> [Task item]:
Below is a listing. Return the lines from the one that contains "a living room" to the one that contains "A photo of Jesse", both ends included, verbatim and with no pictures.

> [Records to process]:
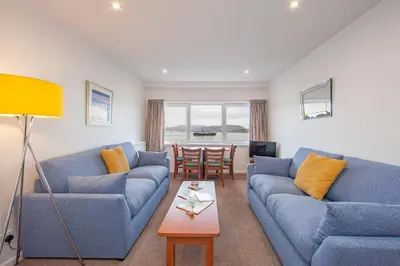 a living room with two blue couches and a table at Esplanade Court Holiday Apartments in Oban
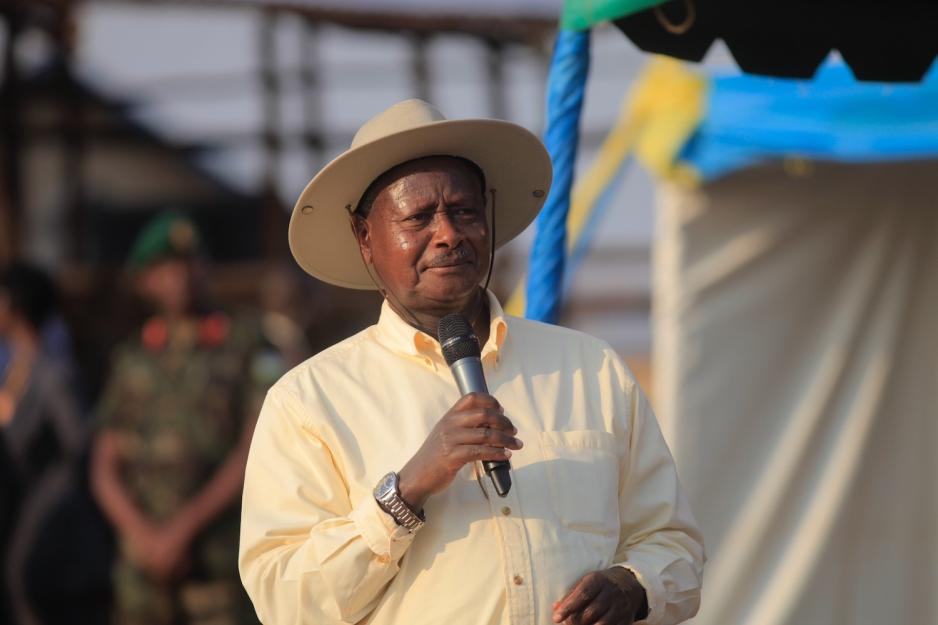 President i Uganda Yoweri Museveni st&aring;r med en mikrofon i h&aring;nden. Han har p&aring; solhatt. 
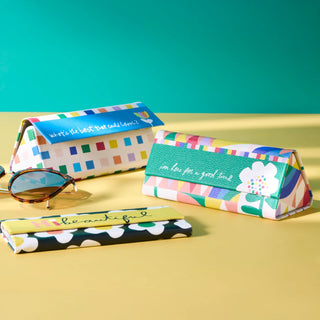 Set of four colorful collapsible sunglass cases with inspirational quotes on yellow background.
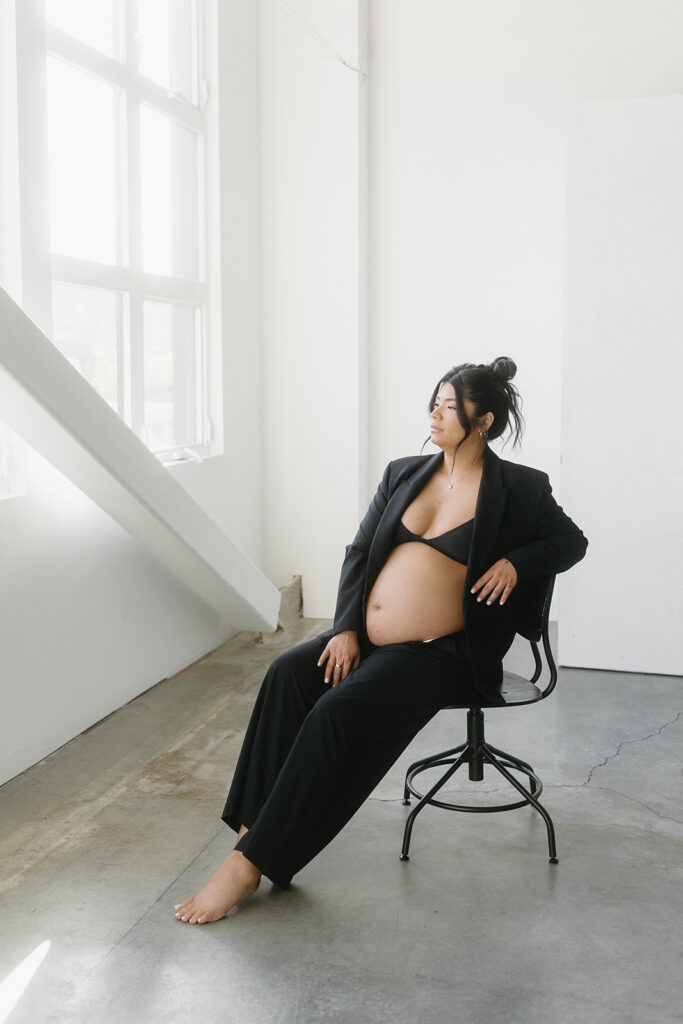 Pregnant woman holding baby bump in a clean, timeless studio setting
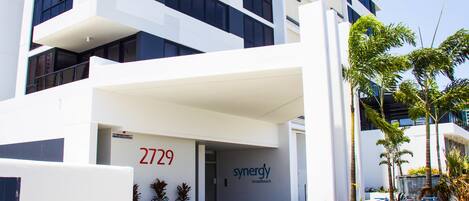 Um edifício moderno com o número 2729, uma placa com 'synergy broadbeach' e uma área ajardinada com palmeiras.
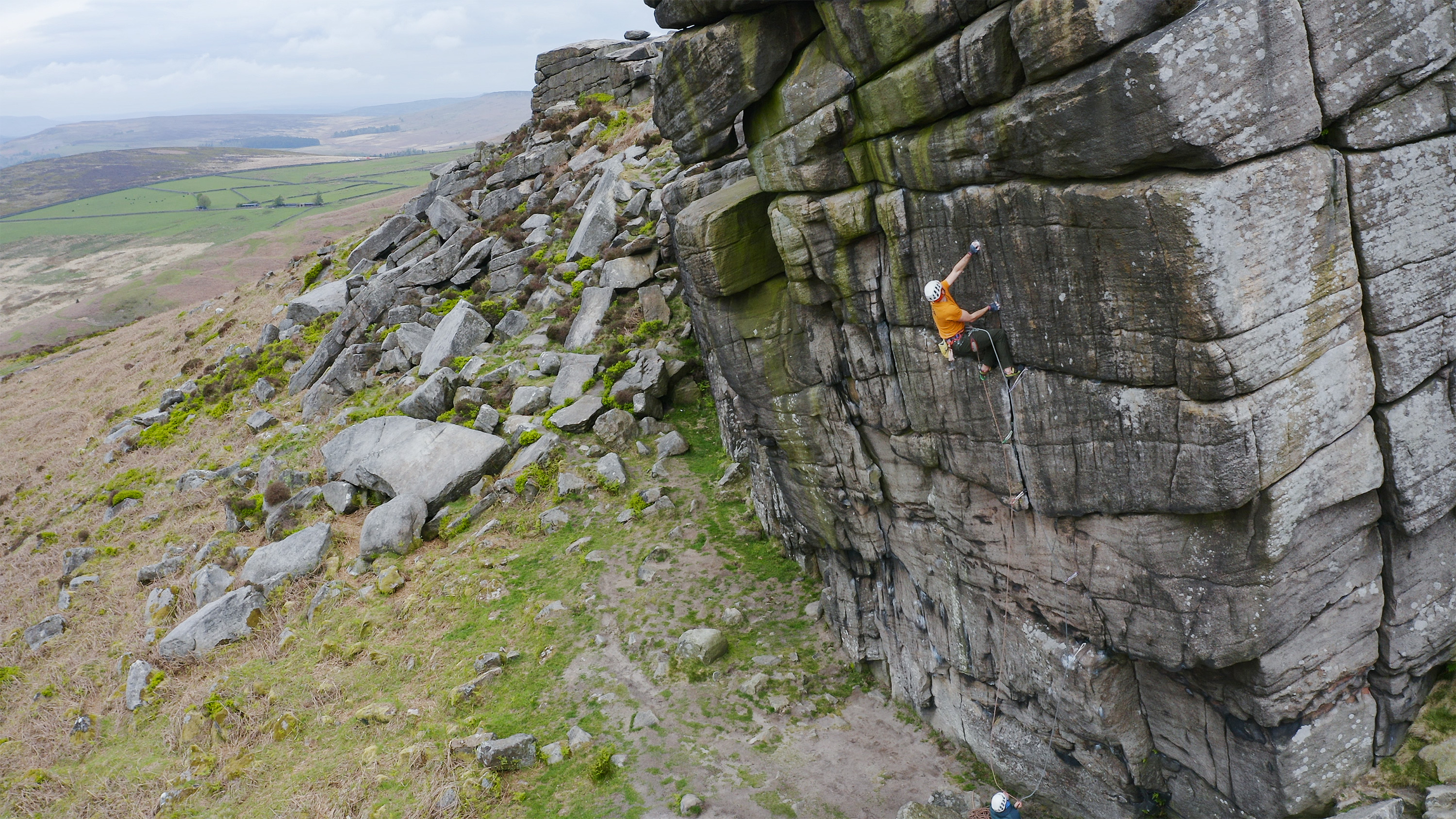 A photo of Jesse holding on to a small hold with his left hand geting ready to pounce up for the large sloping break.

--

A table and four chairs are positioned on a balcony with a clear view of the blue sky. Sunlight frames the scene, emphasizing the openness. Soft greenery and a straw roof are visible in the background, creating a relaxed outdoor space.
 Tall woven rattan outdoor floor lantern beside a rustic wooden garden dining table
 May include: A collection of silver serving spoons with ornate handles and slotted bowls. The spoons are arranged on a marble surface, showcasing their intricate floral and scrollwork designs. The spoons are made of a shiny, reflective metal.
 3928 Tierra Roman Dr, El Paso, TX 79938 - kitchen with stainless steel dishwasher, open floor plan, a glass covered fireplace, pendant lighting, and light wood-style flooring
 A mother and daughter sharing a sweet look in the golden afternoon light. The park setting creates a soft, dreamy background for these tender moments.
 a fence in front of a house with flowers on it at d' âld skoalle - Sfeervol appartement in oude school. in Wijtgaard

> [Written solution]:
 a living room with two blue couches and a table at Esplanade Court Holiday Apartments in Oban
 President i Uganda Yoweri Museveni st&aring;r med en mikrofon i h&aring;nden. Han har p&aring; solhatt. 
 Set of four colorful collapsible sunglass cases with inspirational quotes on yellow background.
 Pregnant woman holding baby bump in a clean, timeless studio setting
 Um edifício moderno com o número 2729, uma placa com 'synergy broadbeach' e uma área ajardinada com palmeiras.
 A photo of Jesse holding on to a small hold with his left hand geting ready to pounce up for the large sloping break.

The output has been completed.